私には3歳の息子がおります。目に入れても痛くないとはまさにこのことで、日々のストレスも息子と過ごしているとすぐに吹っ飛ぶというものです。
そんな息子を、小学校に入る歳になったら私は朝鮮学校に入れようと思っています。
まだ3年ありますので、いろいろ情報収集しながらじっくり考えたいとは思いますが、家の近くの(ガラが悪いで有名な)公立小学校に入れることは無いと思います。別にガラが悪いから入れないという話ではないですが。
朝鮮学校と接点がなく、実際にどのような教育が行われ、どのような人間が育っているのかを知らない人たちは、なんで普通の小学校に通わせず朝鮮学校に入れるのか、不思議に思っている人もいるでしょう。また北朝鮮と朝鮮総連のダーティーなにこごりの部分のみ取り出して排撃することで快楽を得ているような連中に言わせれば、私のような人間は格好のターゲットでしょう。「スパイ養成学校になんでかわいい息子を送るのか?」と半ば変人扱いで聞いてくるのではないか、と思ったりもします。
私の息子を朝鮮学校に送る考えを整理しておきたいと思います。ひとりの親の立場を知ることで、朝鮮学校の意義の一端を理解する有用なレポートになると思います。そのうち息子が大きくなって、このレポートを見る日が来るかも知れません。息子に対し、親の責任で、なぜこのような教育を与えているのか、自信を持って示すためにも、しっかり書いて残しておこうと思います。
*なぜ朝鮮学校に息子を送りたいのか?
例えば、両親ともアメリカ人、自分の見た目もどう見てもアメリカ人なのに、日本生まれ、日本育ち、日本語しか話せない、書類上は間違いなくアメリカ人なのだが、アメリカ人らしい体験機会も一切持たない、という青年がいたとして、自分のルーツやアイデンティティを肯定的に自覚することができるでしょうか?恐らく相当に困難で、彼は相当に苦しむのではないかと思います。
我々在日コリアンにとって、「自分がナニ人なのか」は、日本人が日本に生まれ落ちた場合以上に相当重要なテーマです。日本において、日本人は周囲は日本語で溢れ、飯を食えば探さなくても日本食が出てきます。何の苦労もなく「日本人でよかった」などと平和(ある意味能天気)なことを言えるようになります。
しかし日本で生まれた朝鮮人はそうは行きません。朝鮮語も、朝鮮食も、意識して与えるか、自分で取りに行かないと触れることができません。教育や環境が無いと、自分が朝鮮人であることを発見することも、自覚することも難しいのです。
おのれのルーツがどこにあり、なぜに日本に居るのか、なぜに日本で「朝鮮人として」生き続けるのかについて、自分の息子には卑屈で意固地な考えではなく、時代錯誤的な被害者意識からでもなく、あくまで前向きで自分発進の考えを確立してほしいと思うのです。

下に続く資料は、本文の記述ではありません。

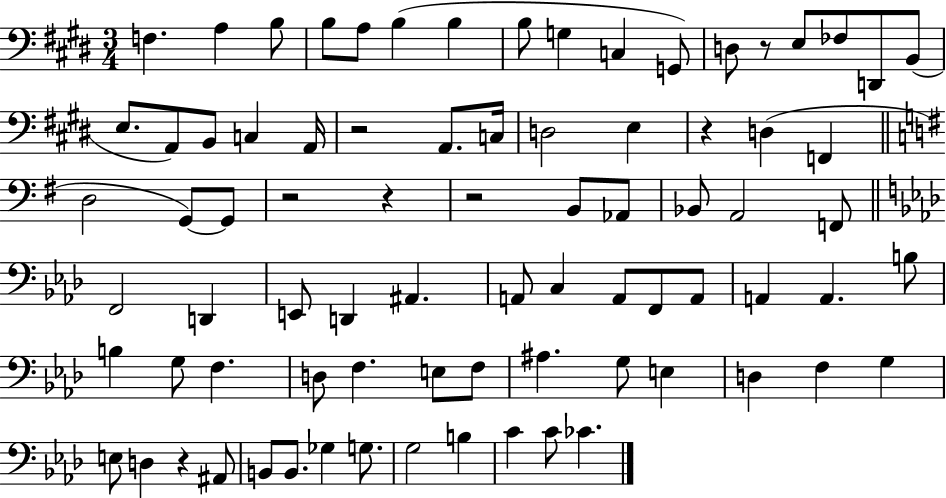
{
  \clef bass
  \numericTimeSignature
  \time 3/4
  \key e \major
  \repeat volta 2 { f4. a4 b8 | b8 a8 b4( b4 | b8 g4 c4 g,8) | d8 r8 e8 fes8 d,8 b,8( | \break e8. a,8) b,8 c4 a,16 | r2 a,8. c16 | d2 e4 | r4 d4( f,4 | \break \bar "||" \break \key g \major d2 g,8~~) g,8 | r2 r4 | r2 b,8 aes,8 | bes,8 a,2 f,8 | \break \bar "||" \break \key aes \major f,2 d,4 | e,8 d,4 ais,4. | a,8 c4 a,8 f,8 a,8 | a,4 a,4. b8 | \break b4 g8 f4. | d8 f4. e8 f8 | ais4. g8 e4 | d4 f4 g4 | \break e8 d4 r4 ais,8 | b,8 b,8. ges4 g8. | g2 b4 | c'4 c'8 ces'4. | \break } \bar "|."
} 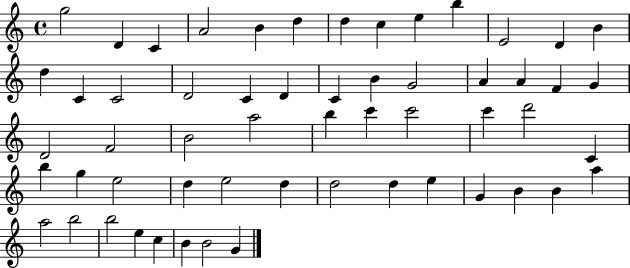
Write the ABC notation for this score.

X:1
T:Untitled
M:4/4
L:1/4
K:C
g2 D C A2 B d d c e b E2 D B d C C2 D2 C D C B G2 A A F G D2 F2 B2 a2 b c' c'2 c' d'2 C b g e2 d e2 d d2 d e G B B a a2 b2 b2 e c B B2 G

朝鮮語に溢れ、日常的に読み、書くことができ、同じ境遇の人間同士で悩みや人生観を共有できる環境は、自分のルーツを自覚し、体感的に捉え、アイデンティティを育んでいける環境です。日本で朝鮮人として生きる上で、少年期の人格形成上絶対に外せない要素であると考えるのです。

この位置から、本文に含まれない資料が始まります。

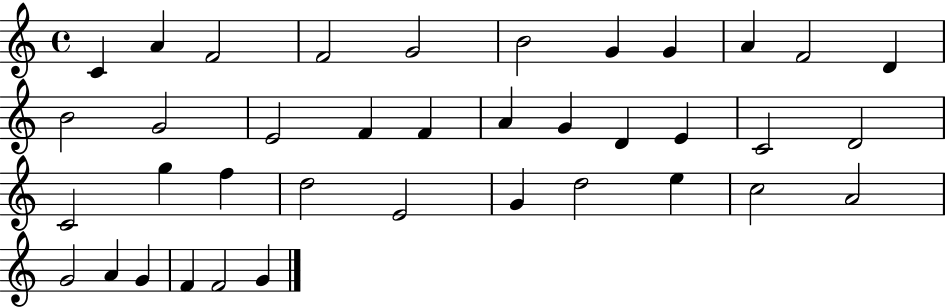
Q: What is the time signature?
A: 4/4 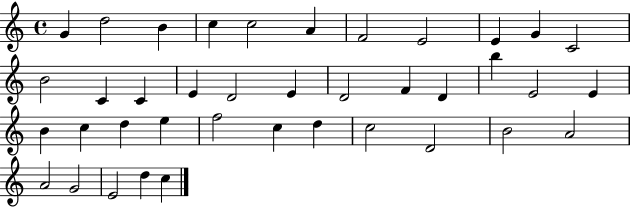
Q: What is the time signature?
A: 4/4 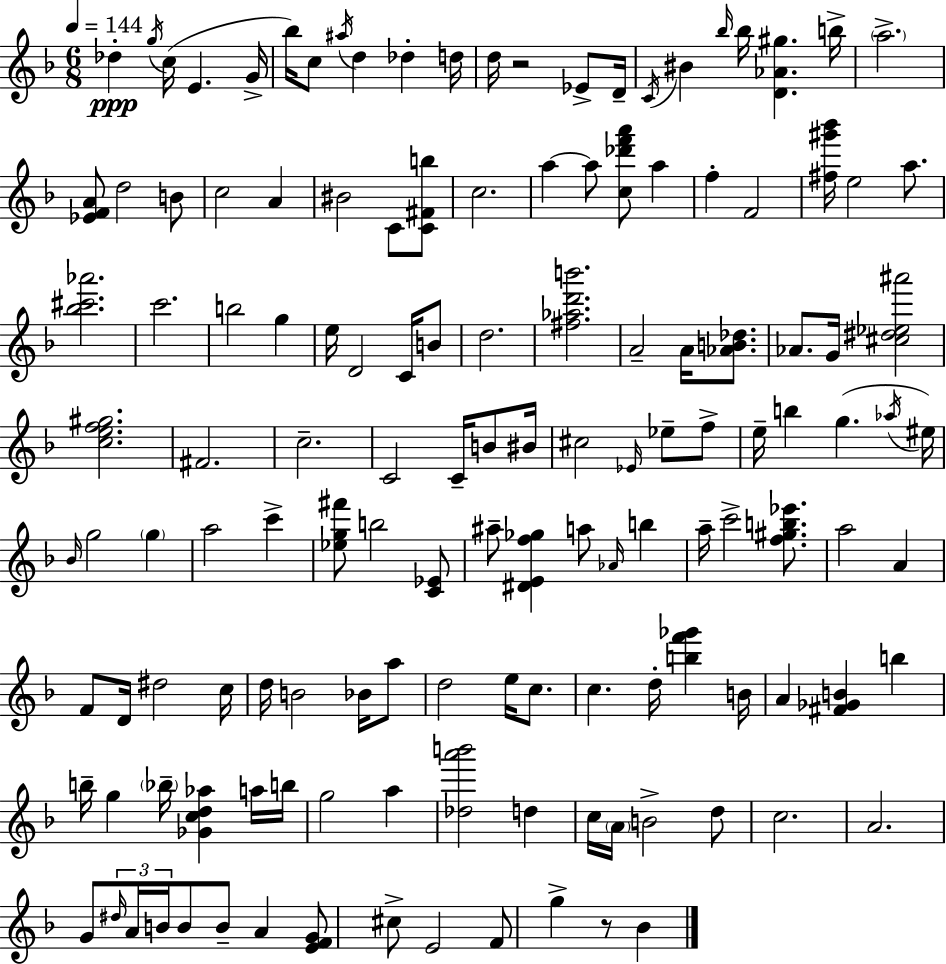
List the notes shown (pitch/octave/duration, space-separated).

Db5/q G5/s C5/s E4/q. G4/s Bb5/s C5/e A#5/s D5/q Db5/q D5/s D5/s R/h Eb4/e D4/s C4/s BIS4/q Bb5/s Bb5/s [D4,Ab4,G#5]/q. B5/s A5/h. [Eb4,F4,A4]/e D5/h B4/e C5/h A4/q BIS4/h C4/e [C4,F#4,B5]/e C5/h. A5/q A5/e [C5,Db6,F6,A6]/e A5/q F5/q F4/h [F#5,G#6,Bb6]/s E5/h A5/e. [Bb5,C#6,Ab6]/h. C6/h. B5/h G5/q E5/s D4/h C4/s B4/e D5/h. [F#5,Ab5,D6,B6]/h. A4/h A4/s [Ab4,B4,Db5]/e. Ab4/e. G4/s [C#5,D#5,Eb5,A#6]/h [C5,E5,F5,G#5]/h. F#4/h. C5/h. C4/h C4/s B4/e BIS4/s C#5/h Eb4/s Eb5/e F5/e E5/s B5/q G5/q. Ab5/s EIS5/s Bb4/s G5/h G5/q A5/h C6/q [Eb5,G5,F#6]/e B5/h [C4,Eb4]/e A#5/e [D#4,E4,F5,Gb5]/q A5/e Ab4/s B5/q A5/s C6/h [F5,G#5,B5,Eb6]/e. A5/h A4/q F4/e D4/s D#5/h C5/s D5/s B4/h Bb4/s A5/e D5/h E5/s C5/e. C5/q. D5/s [B5,F6,Gb6]/q B4/s A4/q [F#4,Gb4,B4]/q B5/q B5/s G5/q Bb5/s [Gb4,C5,D5,Ab5]/q A5/s B5/s G5/h A5/q [Db5,A6,B6]/h D5/q C5/s A4/s B4/h D5/e C5/h. A4/h. G4/e D#5/s A4/s B4/s B4/e B4/e A4/q [E4,F4,G4]/e C#5/e E4/h F4/e G5/q R/e Bb4/q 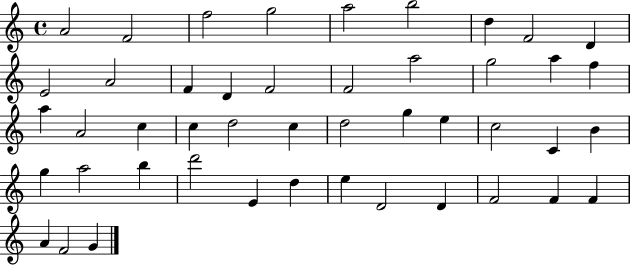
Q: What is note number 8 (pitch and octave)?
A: F4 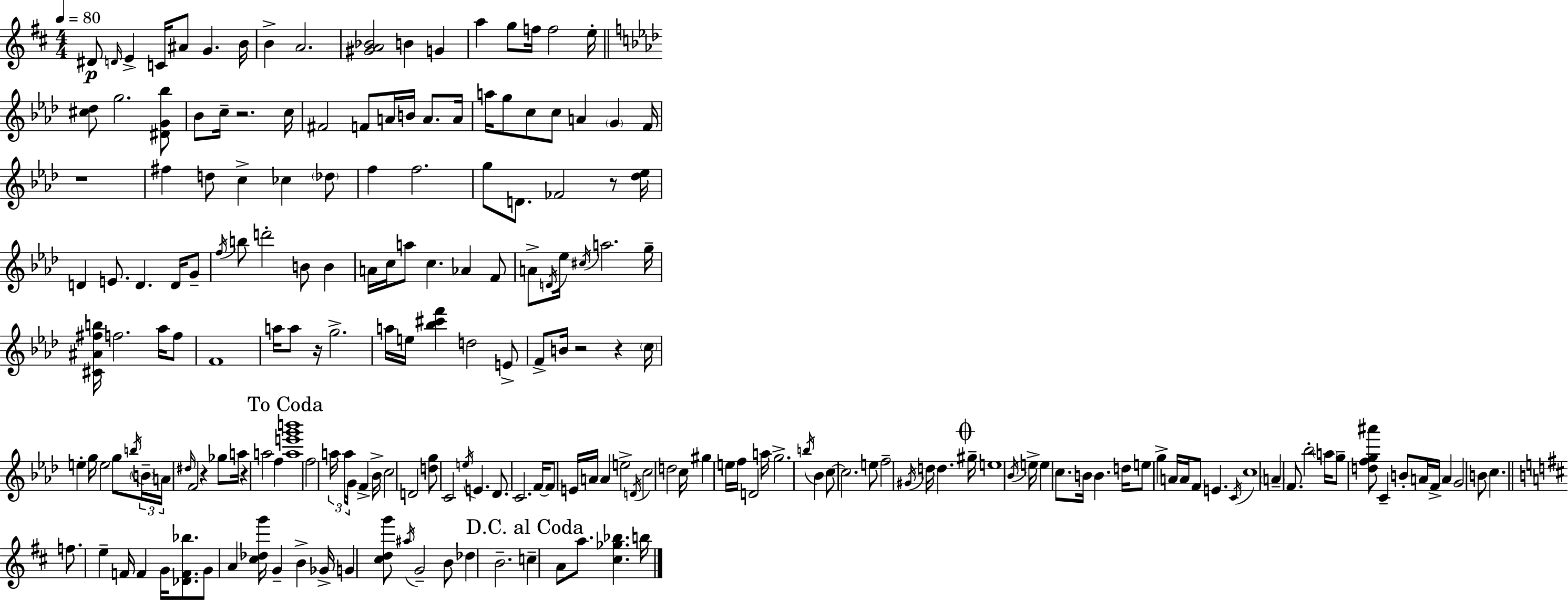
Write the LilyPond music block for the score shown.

{
  \clef treble
  \numericTimeSignature
  \time 4/4
  \key d \major
  \tempo 4 = 80
  dis'8\p \grace { d'16 } e'4-> c'16 ais'8 g'4. | b'16 b'4-> a'2. | <gis' a' bes'>2 b'4 g'4 | a''4 g''8 f''16 f''2 | \break e''16-. \bar "||" \break \key aes \major <cis'' des''>8 g''2. <dis' g' bes''>8 | bes'8 c''16-- r2. c''16 | fis'2 f'8 a'16 b'16 a'8. a'16 | a''16 g''8 c''8 c''8 a'4 \parenthesize g'4 f'16 | \break r1 | fis''4 d''8 c''4-> ces''4 \parenthesize des''8 | f''4 f''2. | g''8 d'8. fes'2 r8 <des'' ees''>16 | \break d'4 e'8. d'4. d'16 g'8-- | \acciaccatura { f''16 } b''8 d'''2-. b'8 b'4 | a'16 c''16 a''8 c''4. aes'4 f'8 | a'8-> \acciaccatura { d'16 } ees''16 \acciaccatura { cis''16 } a''2. | \break g''16-- <cis' ais' fis'' b''>16 f''2. | aes''16 f''8 f'1 | a''16 a''8 r16 g''2.-> | a''16 e''16 <bes'' cis''' f'''>4 d''2 | \break e'8-> f'8-> b'16 r2 r4 | \parenthesize c''16 e''4-. g''16 e''2 | g''8 \acciaccatura { b''16 } \tuplet 3/2 { \parenthesize b'16-- a'16 \grace { dis''16 } } f'2 r4 | ges''8 a''16 r4 a''2 | \break f''4 \mark "To Coda" <a'' e''' g''' b'''>1 | f''2 \tuplet 3/2 { a''16 a''16 g'16 } | f'4-> bes'16-> c''2 d'2 | <d'' g''>8 c'2 \acciaccatura { e''16 } | \break e'4. des'8. c'2. | f'16~~ f'8 e'16 a'16 a'4 e''2-> | \acciaccatura { d'16 } c''2 d''2 | c''16 gis''4 e''16 f''16 d'2 | \break a''16 g''2.-> | \acciaccatura { b''16 } bes'4 c''8~~ c''2. | e''8 f''2-- | \acciaccatura { gis'16 } d''16 d''4. \mark \markup { \musicglyph "scripts.coda" } gis''16-- e''1 | \break \acciaccatura { bes'16 } e''16-> e''4 c''8. | b'16 b'4. d''16 e''8 g''4-> | a'16 a'16 f'8 e'4. \acciaccatura { c'16 } c''1 | \parenthesize a'4-- f'8. | \break bes''2-. \parenthesize a''16 g''8-- <d'' f'' g'' ais'''>8 c'4-- | b'8-. a'16 f'16-> a'4 g'2 | b'8 c''4. \bar "||" \break \key d \major f''8. e''4-- f'16 f'4 g'16 <des' f' bes''>8. | g'8 a'4 <cis'' des'' g'''>16 g'4-- b'4-> ges'16-> | g'4 <cis'' d'' g'''>8 \acciaccatura { ais''16 } g'2-- b'8 | des''4 b'2.-- | \break \mark "D.C. al Coda" c''4-- a'8 a''8. <cis'' ges'' bes''>4. | b''16 \bar "|."
}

ところで、日本で生まれ、日本で育ち、まず間違いなく日本で死ぬであろう我々在日コリアンの多くには、これまで以下のような体験が数多くありました。
・生まれた時から日本人っぽい名前をあてがわれる
・朝鮮人であることを自覚する機会もなく育てられる
・ある程度物心のついたときに親から秘め事のように自分が朝鮮人であることを打ち明けられる
・打ち明けられたほうは「朝鮮」「朝鮮人」という符号が「腫れもの」「障がい」のように感じられ、自分の身の回りから「朝鮮っぽいもの」を排除するべく必死になる
実際、私の兄妹がそうでした。日本学校しか通わなかった私の父が、朝鮮学校に子供らを送ろうとする朝鮮学校出身の母に猛反対し、結果長男(兄)と長女(妹)は絶対に日本の学校に送るが、次兄である私は勝手にしろ、ということで、三兄弟のなかで真ん中の私だけが朝鮮学校に通ったのですが、他の二人は日本人のふりをするのに必死で、家に自分の友人が来ることにやたらと恐怖していました。家には私の持つ朝鮮学校の教科書があるからです。私は兄妹と一緒に日本人のふりをするのに駆り出され、自分の教科書や制服を隠したりしたものです。罪人が証拠隠滅を図るかのようで苦々しかったことを覚えていますが、考えてみると、自分が朝鮮人であること、自分が日本で生まれたことは、「罪」であるはずも、「恥ずかしい」はずも、決してないはずです。それを「隠さなければならないもの」と捉えさせたのが、我が兄妹の置かれた環境であり、与えられた教育でありました。おかしいのは日本社会の在り様であり自分ではないのですが、日本社会のムラ意識のなかで、朝鮮人であることに怯え、どんどん卑屈になっていきました。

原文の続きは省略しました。